The anti-Kerry Swift boat ads; Sinclair Broadcasting’s anti-Kerry documentary that was eventually withdrawn; the pointless belaboring of Bush’s privileged treatment. Never was so much expended by so many on so little that mattered to voters.

The FCC muddle

What do whipped cream and a whipsawed agency have in common?

In October 2004, the FCC fined Fox affiliates a record $1.2 million for an episode of the short-lived reality series “Married By America” that involved partygoers licking whipped cream from strippers “in a sexually suggestive manner” (Fox notes this wasn’t on camera) and for showing an underwear-clad man being pretend-spanked.

The agency also levied a stiff penalty on CBS-owner Viacom for the Janet Jackson Super Bowl incident, which Viacom has appealed. Other networks have weighed in by noting FCC guidelines are imprecise and threaten the airwaves with blanket censorship.

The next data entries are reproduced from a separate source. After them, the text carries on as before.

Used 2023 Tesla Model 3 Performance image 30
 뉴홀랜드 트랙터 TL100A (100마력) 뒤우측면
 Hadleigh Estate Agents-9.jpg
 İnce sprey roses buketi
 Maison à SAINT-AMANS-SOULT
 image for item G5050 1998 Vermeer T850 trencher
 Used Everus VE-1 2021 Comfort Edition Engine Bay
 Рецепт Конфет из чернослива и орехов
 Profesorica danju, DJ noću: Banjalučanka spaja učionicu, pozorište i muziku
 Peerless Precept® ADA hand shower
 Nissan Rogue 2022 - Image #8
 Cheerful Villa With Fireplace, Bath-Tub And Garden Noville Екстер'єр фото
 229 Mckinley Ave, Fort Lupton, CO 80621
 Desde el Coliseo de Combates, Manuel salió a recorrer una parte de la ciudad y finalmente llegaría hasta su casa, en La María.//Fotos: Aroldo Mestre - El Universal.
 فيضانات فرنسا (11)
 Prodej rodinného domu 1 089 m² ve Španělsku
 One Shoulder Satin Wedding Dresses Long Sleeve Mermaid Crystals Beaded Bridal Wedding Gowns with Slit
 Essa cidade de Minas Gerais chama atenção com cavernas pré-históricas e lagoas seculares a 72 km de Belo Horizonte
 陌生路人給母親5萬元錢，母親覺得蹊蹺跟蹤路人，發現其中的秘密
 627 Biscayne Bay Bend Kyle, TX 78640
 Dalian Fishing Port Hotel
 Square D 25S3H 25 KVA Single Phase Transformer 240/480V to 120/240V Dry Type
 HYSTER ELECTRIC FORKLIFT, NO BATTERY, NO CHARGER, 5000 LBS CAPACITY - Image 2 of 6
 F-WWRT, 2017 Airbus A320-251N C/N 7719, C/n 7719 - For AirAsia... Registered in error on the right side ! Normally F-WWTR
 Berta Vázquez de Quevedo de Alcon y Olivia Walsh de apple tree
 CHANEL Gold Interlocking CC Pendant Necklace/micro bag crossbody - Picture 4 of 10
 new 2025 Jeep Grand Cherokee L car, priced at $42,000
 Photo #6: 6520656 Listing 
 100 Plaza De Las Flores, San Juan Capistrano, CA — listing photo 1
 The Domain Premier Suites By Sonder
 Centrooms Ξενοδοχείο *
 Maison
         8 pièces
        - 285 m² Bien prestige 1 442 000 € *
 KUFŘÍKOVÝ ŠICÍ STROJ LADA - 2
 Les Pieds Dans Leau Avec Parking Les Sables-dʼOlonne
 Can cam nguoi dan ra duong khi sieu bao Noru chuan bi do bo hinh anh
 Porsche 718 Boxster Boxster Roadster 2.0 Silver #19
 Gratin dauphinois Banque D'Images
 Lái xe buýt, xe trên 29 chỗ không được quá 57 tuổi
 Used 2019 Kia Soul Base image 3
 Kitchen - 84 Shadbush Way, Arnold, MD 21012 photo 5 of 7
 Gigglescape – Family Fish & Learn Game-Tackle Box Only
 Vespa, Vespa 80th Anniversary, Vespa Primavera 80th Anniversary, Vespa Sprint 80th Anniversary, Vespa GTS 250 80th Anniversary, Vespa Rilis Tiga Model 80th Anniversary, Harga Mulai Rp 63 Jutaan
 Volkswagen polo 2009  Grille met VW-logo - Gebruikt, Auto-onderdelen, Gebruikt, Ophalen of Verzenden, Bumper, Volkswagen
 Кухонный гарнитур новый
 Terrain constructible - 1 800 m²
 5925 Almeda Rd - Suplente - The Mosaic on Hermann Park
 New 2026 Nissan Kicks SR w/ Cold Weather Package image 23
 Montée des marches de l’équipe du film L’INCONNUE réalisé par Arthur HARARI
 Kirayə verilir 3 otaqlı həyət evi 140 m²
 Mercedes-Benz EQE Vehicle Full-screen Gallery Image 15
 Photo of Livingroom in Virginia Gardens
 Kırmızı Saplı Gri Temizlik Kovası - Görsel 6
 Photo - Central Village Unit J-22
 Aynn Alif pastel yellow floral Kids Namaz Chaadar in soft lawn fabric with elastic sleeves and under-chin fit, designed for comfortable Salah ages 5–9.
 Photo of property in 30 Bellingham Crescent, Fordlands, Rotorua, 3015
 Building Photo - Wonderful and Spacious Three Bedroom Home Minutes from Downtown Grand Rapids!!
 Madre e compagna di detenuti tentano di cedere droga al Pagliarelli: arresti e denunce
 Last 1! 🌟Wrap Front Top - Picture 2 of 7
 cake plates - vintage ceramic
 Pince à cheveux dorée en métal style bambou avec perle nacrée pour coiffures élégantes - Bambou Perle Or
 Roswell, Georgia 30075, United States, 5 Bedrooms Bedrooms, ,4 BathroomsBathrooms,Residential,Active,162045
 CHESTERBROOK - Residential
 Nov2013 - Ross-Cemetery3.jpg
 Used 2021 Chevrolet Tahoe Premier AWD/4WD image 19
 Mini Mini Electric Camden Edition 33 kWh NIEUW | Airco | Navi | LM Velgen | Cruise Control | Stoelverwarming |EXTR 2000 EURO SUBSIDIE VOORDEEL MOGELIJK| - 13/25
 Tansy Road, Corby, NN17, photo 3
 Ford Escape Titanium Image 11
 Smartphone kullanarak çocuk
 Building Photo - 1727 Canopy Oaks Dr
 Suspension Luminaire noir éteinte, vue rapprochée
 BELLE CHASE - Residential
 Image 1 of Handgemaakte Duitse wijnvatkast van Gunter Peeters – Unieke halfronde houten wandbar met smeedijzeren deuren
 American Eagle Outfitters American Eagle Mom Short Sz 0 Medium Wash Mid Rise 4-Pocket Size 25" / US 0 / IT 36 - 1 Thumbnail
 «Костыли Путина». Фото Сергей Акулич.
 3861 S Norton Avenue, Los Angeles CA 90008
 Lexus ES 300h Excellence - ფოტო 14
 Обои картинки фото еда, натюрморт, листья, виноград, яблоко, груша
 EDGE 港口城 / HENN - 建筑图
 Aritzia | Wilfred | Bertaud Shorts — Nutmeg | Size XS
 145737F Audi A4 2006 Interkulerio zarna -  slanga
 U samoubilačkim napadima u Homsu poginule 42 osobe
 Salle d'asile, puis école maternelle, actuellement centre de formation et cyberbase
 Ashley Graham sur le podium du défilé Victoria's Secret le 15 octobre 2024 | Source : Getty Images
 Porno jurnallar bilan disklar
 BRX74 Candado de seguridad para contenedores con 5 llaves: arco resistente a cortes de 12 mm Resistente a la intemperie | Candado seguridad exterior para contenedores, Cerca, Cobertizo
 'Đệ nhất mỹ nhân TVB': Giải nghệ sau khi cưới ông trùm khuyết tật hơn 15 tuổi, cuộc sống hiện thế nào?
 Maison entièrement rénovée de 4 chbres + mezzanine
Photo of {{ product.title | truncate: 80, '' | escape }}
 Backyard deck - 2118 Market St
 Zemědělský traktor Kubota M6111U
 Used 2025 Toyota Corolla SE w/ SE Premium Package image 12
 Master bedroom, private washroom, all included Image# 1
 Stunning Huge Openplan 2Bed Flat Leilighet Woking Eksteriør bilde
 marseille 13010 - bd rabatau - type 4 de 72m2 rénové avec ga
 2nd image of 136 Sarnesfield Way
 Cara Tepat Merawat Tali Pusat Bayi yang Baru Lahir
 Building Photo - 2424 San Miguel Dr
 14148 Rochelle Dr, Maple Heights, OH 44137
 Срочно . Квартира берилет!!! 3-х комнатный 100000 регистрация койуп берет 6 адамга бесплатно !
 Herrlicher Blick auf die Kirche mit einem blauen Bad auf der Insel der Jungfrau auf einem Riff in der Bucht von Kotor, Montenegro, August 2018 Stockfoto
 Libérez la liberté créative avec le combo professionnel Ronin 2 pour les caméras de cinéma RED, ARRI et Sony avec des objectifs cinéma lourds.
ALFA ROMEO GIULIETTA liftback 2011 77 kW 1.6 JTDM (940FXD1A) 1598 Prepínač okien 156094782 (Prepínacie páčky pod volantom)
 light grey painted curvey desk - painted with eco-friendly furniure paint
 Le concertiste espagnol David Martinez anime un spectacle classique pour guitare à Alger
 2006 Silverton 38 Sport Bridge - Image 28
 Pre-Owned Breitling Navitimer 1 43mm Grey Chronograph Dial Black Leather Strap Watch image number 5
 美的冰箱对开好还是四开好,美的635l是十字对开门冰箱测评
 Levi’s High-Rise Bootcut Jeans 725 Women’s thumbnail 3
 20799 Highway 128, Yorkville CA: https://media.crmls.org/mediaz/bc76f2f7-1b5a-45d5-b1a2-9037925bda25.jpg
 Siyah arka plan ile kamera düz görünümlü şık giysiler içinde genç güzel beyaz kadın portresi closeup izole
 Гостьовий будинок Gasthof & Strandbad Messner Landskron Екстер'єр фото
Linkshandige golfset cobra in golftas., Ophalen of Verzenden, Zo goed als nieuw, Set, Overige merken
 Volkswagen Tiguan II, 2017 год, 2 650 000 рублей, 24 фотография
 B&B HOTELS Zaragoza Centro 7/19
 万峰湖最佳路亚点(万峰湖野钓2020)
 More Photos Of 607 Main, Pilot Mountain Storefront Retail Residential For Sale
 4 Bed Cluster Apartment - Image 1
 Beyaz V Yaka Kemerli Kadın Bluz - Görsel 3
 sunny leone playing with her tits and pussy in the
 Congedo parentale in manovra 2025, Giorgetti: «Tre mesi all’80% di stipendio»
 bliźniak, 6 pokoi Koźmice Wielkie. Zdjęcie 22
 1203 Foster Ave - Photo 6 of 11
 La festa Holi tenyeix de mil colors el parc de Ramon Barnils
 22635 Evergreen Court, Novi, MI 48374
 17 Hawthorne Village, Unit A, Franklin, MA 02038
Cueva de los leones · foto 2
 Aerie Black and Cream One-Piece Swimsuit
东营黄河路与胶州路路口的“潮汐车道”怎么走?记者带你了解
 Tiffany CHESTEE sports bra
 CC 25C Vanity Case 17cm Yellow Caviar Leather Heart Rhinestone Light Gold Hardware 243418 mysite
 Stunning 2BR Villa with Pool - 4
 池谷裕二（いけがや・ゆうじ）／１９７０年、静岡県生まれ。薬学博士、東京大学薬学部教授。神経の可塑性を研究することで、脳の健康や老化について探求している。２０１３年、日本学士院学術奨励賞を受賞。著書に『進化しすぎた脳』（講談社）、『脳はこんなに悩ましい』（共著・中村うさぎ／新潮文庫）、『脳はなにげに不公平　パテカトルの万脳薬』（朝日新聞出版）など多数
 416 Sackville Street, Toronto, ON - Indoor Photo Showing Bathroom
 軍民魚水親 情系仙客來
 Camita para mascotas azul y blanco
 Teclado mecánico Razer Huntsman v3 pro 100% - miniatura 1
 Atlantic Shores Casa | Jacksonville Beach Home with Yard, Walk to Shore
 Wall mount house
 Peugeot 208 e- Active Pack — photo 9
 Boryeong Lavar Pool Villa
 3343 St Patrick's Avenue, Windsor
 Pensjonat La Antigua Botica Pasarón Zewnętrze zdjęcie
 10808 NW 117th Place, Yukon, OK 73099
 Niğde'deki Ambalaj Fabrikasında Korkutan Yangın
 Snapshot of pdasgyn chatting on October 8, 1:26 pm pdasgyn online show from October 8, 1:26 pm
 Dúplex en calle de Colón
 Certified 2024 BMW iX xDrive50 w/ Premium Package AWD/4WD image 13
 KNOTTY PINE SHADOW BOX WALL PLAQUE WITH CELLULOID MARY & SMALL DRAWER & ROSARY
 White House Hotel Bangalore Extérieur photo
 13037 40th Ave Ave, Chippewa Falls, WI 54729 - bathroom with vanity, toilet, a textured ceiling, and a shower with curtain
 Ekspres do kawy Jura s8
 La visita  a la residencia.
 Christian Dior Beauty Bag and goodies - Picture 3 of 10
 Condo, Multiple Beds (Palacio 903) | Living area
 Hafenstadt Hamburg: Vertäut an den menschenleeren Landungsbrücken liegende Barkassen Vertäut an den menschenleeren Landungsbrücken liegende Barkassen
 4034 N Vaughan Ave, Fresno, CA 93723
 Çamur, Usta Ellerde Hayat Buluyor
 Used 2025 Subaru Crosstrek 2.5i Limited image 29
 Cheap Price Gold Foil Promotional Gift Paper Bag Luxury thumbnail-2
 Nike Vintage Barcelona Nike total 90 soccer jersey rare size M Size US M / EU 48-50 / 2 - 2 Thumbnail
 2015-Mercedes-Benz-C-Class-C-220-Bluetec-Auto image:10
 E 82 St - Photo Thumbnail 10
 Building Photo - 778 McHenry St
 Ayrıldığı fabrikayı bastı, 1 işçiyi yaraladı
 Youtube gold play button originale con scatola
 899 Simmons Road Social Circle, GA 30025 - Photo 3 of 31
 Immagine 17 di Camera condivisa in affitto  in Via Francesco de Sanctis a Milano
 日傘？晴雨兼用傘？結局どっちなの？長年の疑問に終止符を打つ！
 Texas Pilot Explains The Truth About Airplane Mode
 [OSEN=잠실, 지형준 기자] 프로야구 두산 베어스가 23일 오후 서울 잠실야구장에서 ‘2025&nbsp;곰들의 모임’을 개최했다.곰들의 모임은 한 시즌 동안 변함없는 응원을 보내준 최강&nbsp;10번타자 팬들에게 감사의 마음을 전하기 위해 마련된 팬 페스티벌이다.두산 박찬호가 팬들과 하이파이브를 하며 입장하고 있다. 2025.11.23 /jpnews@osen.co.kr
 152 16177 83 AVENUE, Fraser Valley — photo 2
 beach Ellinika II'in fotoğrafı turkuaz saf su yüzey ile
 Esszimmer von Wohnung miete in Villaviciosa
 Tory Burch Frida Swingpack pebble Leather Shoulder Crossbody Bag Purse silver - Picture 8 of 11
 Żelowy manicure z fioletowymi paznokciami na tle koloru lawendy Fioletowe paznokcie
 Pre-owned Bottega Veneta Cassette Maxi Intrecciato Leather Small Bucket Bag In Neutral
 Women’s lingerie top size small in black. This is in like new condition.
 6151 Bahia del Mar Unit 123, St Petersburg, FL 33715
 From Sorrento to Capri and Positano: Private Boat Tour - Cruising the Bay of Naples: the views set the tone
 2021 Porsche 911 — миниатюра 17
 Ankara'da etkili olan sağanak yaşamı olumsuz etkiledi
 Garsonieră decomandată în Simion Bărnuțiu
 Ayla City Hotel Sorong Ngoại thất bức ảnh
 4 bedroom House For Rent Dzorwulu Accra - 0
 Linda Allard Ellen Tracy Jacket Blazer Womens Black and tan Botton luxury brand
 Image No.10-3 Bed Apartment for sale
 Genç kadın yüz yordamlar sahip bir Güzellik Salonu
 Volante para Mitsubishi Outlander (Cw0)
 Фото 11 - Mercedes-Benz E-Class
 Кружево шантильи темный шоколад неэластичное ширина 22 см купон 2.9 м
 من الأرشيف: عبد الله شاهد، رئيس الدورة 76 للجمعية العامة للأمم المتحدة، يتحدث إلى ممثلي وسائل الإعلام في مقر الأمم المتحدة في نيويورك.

So the lines are drawn. The FCC hates dirty stuff and broadcasters are fighting back.

Guess again.

The FCC muddle, Part II

The FCC isn’t imprecise. It’s something far messier — a politically expedient machine trying to serve several masters. And broadcasters aren’t much better.

On the one hand, the Bush-appointed commissioners who control the FCC have been eager to please conservative voting blocs like the powerful Parents Television Council.

On the other hand, the White House and Congress don’t exactly want to rile the media conglomerates that hand out campaign dough and spin so much of what we see on TV.

The conglomerates don’t want a confrontation, either. They want a rewriting of ownership rules that will let them expand the number of TV stations owned by any one company and allow cross-ownership of a station and newspaper in the same market.

In fact, the FCC tried to make this happen. But in one of the best stories of 2004, an unlikely alliance of liberal and conservative groups fought back, forcing the issue before a federal court, which then blocked the new rules.

For now, it’s back to the drawing board for ownership rules and a tactical standoff on the issue of indecency. Viewers? What about viewers?

Reality checked

Maybe it was one too many unconvincing “Bachelor” romances.

Maybe it was too much grainy videotape.

Maybe we just got sick of seeing people just like us.

At any rate, fall 2004 saw the resurgence of scripted series on network TV. For the first time in several years, the freshman hits all were make-believe: “Desperate Housewives,” “Lost” and “CSI: New York.”

Certainly, reality shows made the Top 10, including “Survivor: Vanuatu” and “Extreme Makeover: Home Edition.” Still, there are signs the craze is waning. It may not be the end, or even the beginning of the end. But we can hope.